Bloomberg reports that the changes were personally announced by software VP Craig Federighi at an iOS 14 “kickoff” meeting. While daily builds will reportedly proceed as planned, Apple will be implementing software flags that allow engineers and developers to turn individual features on and off. That will let Apple isolate features and changes that are particularly problematic so they can focus on or just plain dump them before a final candidate reaches the public.
The rollout of iOS 13 has been rocky at best. While there haven’t been any crippling, headline-grabbing bugs like we saw with iOS 11, no less than nine iOS 13 updates have arrived since its September launch, making it difficult for iPhone users to stay on top of the latest one. According to the report, iOS 13 was so buggy, the 13.1 update that arrived days after the initial release was the true “actual public release.”
Software flags are hardly a new concept, and quite frankly, it’s surprising that Apple doesn’t already have a similar system in place.
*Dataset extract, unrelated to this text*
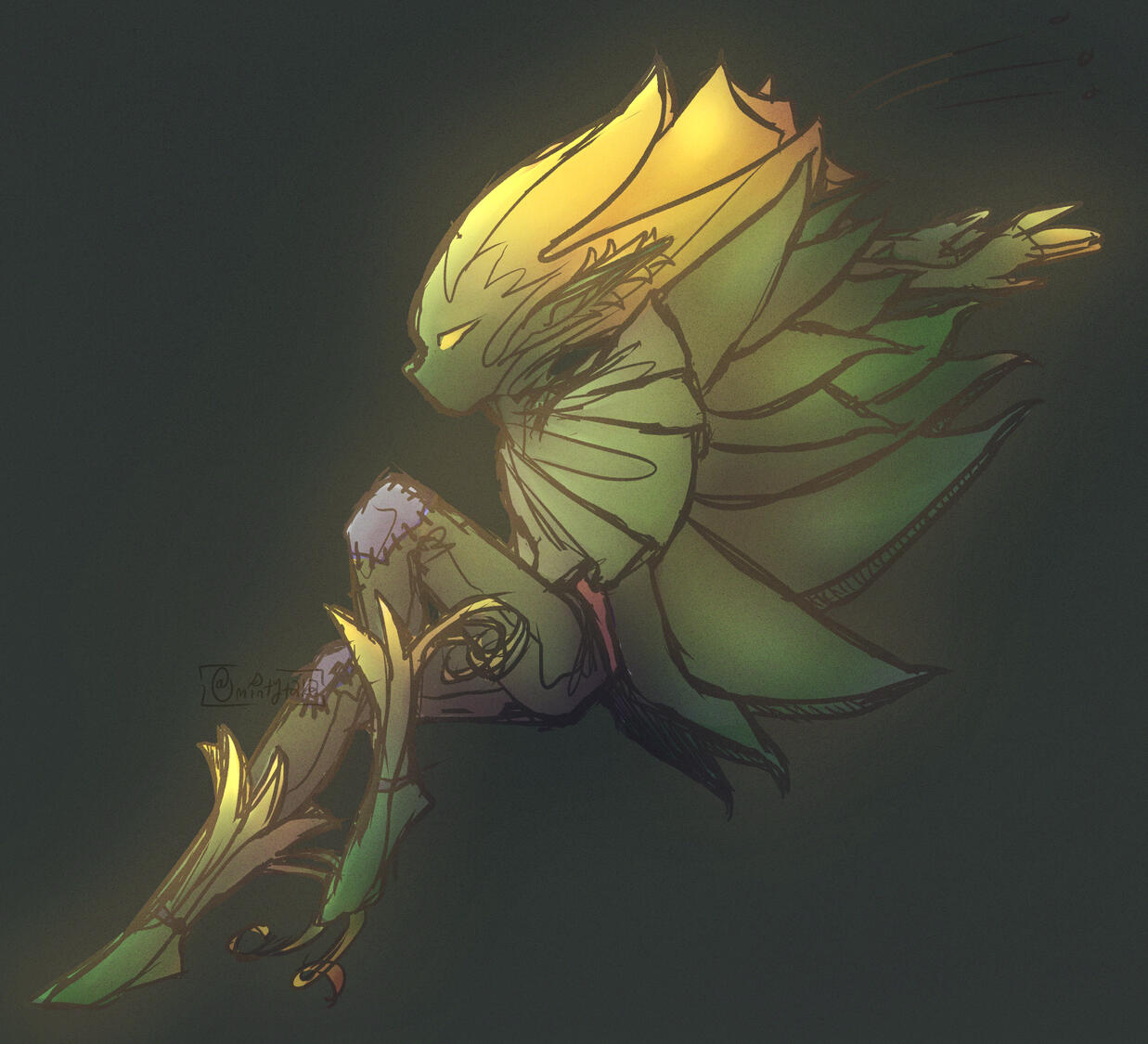 A woman drawn 4 times in varying levels of detail, with horizontal lines marking what the artist considers a portrait, bust, half-body, and full-body drawing of a humanoid figure. The artist is listening to some tunes in the upper-right corner.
In Chrome, for example, software flags can exist for months, even years, sometimes never showing up in the final release. It’s a best of both worlds proposition, letting developers and beta testers try upcoming features without affecting the public builds.
This type of change has been a long time coming. It’s been a rough couple of years for iOS rollouts, with delayed features, embarrassing bugs, and overall uncharacteristic instability. Hopefully this new method will begin to fix things and should results in more stable iOS releases going forward. But in the meantime, yet another iOS 13 build is on the way.